● **HOW TO COMPLETE THIS TASK**: From the data below, copy exactly the lines that lie between the one holding "Disney Mickey Mouse" and the one holding "Magento Buy Now", including both, and nothing more.

● **DATA**:
=-=-=

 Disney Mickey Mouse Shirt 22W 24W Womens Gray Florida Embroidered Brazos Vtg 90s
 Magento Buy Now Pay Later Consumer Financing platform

=-=-=

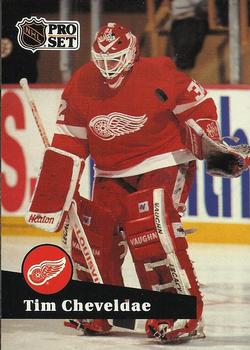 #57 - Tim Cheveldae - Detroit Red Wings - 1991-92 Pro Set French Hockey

=-=-=

● **EXPECTED ANSWER**:
 Disney Mickey Mouse Shirt 22W 24W Womens Gray Florida Embroidered Brazos Vtg 90s
 Magento Buy Now Pay Later Consumer Financing platform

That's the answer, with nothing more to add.